I don't know where a Wade/Gordon/Hinrich comparison entered all this, but since you asked -- yup, Gordon and Hinrich are much better spot-up shooters than Wade. Wade is better at every single other aspect of the game. He doesn't parade to the free throw line every game because a magazine or TV show is putting him there. He goes because he attacks the basket with abandon and finishes plays with dunks, not teardrops and layups and flip shots.



> One has to wonder how effective James would be without the bevy of quality big men he has to play off. Big men are sort of like offensive linemen in football. They do the dirty work so some little guy can look like a hero.
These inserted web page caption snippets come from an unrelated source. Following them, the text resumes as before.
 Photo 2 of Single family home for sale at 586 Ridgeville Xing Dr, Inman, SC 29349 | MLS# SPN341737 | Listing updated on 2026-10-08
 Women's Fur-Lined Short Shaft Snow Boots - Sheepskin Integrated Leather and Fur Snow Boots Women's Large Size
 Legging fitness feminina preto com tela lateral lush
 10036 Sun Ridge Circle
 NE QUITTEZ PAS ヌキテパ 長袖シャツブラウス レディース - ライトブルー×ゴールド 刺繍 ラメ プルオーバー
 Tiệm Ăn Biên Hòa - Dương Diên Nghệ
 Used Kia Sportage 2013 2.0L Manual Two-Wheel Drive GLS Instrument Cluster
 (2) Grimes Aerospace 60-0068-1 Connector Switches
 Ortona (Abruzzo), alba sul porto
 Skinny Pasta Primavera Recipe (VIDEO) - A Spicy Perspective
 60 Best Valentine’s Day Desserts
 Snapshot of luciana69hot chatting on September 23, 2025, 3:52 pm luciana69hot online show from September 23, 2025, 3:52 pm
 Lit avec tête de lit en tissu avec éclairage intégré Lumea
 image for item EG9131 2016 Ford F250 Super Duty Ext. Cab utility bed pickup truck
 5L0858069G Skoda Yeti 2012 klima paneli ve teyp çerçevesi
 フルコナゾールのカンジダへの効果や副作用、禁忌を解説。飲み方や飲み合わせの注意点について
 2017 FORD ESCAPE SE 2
The heroism has a way of disappearing when the big guys have an off night.


The nerve of Cleveland to assemble a corps of solid big men to complement and protect LeBron! 



> What jumps out at me about championship teams is that they invariably play good defense.
> They have players who have played together for several years.
> They are well coached, and lucky enough not to have significant injuries to key players.
> They always play both ends of the court-- usually with an emphasis on the defensive end.
> ...


Again, given the overwhelming tendency of NBA champions to have one of the premier players in the league on the roster, and in championship play, for the title to go to the team with the superior individual player, at the present time I would trade our entire roster for LeBron James. Even if we're doing our utmost to put together a great team in the absence of that sort of player. And "Timberwolves II" might be a sensible way to describe the Cavs if Kevin Garnett had led his team to the cusp of a conference finals in his first trip to the playoffs, but that's not how it happened.


----------



## DaBullz (Jul 15, 2002)

Here's the scenario that nobody here really wants to see, but it's not unlikely.

LeBron and the Cavs go to the finals and maybe even win it this year.

No matter how much cap space and lotto picks we get over the next 10 seasons, we're still going to have to go through LeBron and the Cavs to make the finals, let alone win a championship.

Wait.

In 10 seasons, LeBron will only be 31.

Make it 12-15 seasons.

By then, Kirk will be 37


----------



## McBulls (Apr 28, 2005)

DaBullz said:


> Here's the scenario that nobody here really wants to see, but it's not unlikely.
> 
> LeBron and the Cavs go to the finals and maybe even win it this year.
> 
> ...


This is disturbing. I was under the illusion that basketball was a team game. Guess I'll have to reconsider my fundamental assumptions.


----------



## BG7 (Jun 25, 2003)

Cavs off to a hot start, goodbye detroit, hello Ben Wallace.


----------



## ScottMay (Jun 15, 2002)

McBulls said:


> This is disturbing. I was under the illusion that basketball was a team game. Guess I'll have to reconsider my fundamental assumptions.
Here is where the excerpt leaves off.